International attempt to control U.S. mining fails

Published February 1, 2000

An attempt to place U.S. mining under international control, made by the World Heritage Committee (WHC) in Marrakesh, Morocco in December, was soundly rejected by the U.S. State Department.

The department’s strong stand for U.S. sovereignty over its mining operations was prompted, in large part, by a brief but heated hearing held earlier in Rep. Barbara Cubin’s (R-Wyoming) Subcommittee on Energy and Mineral Resources. “The United States notes that mining policy is an internal matter for sovereign states,” the State Department’s official observer, Shirley Hart, told the committee, “and that the committee is not dictating what domestic policies on this issue should be.”

“If the committee chooses to authorize or participate in any follow-up discussions on the subject of mining and World Heritage,” she added, “it is the position of the United States that these discussions must be fully transparent and open to the stakeholders. It is noted, for example, that the International Council on Metals and the Environment was invited to comment on the [World Conservation Union] policy but the National Mining Association of the United States was not involved at all.”

The attempt to control U.S. mining came as a result of a report by the World Conservation Union, otherwise known as the IUCN, which was defended at the hearing by Adrian Phillips, chairman of IUCN’s Commission on Protected Areas. Under intense questioning by Cubin and Rep. Helen Chenoweth (R-Idaho), Phillips said the IUCN policy to restrict mining in a wide variety of sites was simply a position paper, “really nothing more than what counties already do anyway . . . a statement of best practices.”

Deputy Assistant Secretary of State Brooks Yeager further defended the proposal as something that would not be up for adoption in the December conference. He said banning mining in and around World Heritage Sites would not be brought up for consideration.

But it was. And it was rejected by the U.S.

The IUCN proposal would have controlled mining in and around World Heritage Sites as well as areas that fall under “an international definition of a protected areas as follows: An area of land and/or sea especially dedicated to the protection and maintenance of biological diversity, and of natural and associated cultural resources, and managed through legal or other effective means.”

Such broad, vague language led former senator Malcom Wallop, now executive director of Frontiers for Freedom, to tell the committee he feared the Clinton-Gore administration would use the proposal, if adopted, to alter federal land management without consulting either mining interests or the public. He predicted an “elite international movement” would probably try to urge the UN to block mines worldwide. Chenoweth pointed out that the U.N. had already aligned itself with environmental organizations to try prevent mining in the U.S., Australia, and Indonesia.

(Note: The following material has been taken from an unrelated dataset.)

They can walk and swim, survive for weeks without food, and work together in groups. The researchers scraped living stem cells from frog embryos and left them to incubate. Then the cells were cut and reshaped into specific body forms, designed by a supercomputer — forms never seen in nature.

Reactions of these countries to IUCN attempts to control mining in and around World Heritage Sites has been varied, and revealing. Indonesia’s attitude has been to ignore restrictions. Australia led a vigorous and successful effort to prevent the IUCN’s attempted shut-down of a uranium mine in that country’s Kakadu National Park.

In the United States, by contrast, the Clinton-Gore administration has permitted the abandonment of plans to reopen a gold mine near, but not actually in, Yellowstone National Park, a designated World Heritage Site. The administration said at the time it did not believe allowing a group of international organizations, such as IUCN and WHC, to dictate mining policy in the U.S. to be an infringement on our national sovereignty.

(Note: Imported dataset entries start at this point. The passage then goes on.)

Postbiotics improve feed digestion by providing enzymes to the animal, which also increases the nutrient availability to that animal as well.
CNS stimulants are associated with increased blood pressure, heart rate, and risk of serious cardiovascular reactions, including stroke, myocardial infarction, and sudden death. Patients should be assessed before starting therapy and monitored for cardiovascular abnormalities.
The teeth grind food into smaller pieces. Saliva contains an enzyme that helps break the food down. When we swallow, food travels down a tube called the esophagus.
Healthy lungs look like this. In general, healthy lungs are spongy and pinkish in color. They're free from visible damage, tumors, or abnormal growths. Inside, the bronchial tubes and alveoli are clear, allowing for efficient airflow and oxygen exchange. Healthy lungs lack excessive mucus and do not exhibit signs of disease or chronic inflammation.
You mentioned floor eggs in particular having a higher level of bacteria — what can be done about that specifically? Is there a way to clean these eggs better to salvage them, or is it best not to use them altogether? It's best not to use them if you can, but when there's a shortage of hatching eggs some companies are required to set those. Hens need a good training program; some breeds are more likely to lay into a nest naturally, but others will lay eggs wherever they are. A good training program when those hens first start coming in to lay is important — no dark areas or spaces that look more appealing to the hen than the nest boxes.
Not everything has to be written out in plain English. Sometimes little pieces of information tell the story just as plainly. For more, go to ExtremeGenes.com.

The extent to which IUCN has gone to use scare tactics to induce hysteria over mining was demonstrated in its January 1999 publication, Metals from the forests. The publication claimed “large-scale mines displace local communities.” It goes on to say “State or private armies are sometimes used to secure mines” and that life expectancies of those living near mining sites can be “substantially reduced.” It concluded that “mineral wealth can actually depress social conditions in developing countries.”

The publication offered no scientific evidence to support its conclusions. When questioned about the publication in the Energy and Mineral Resources Subcommittee hearing, IUCN’s Phillips offered none.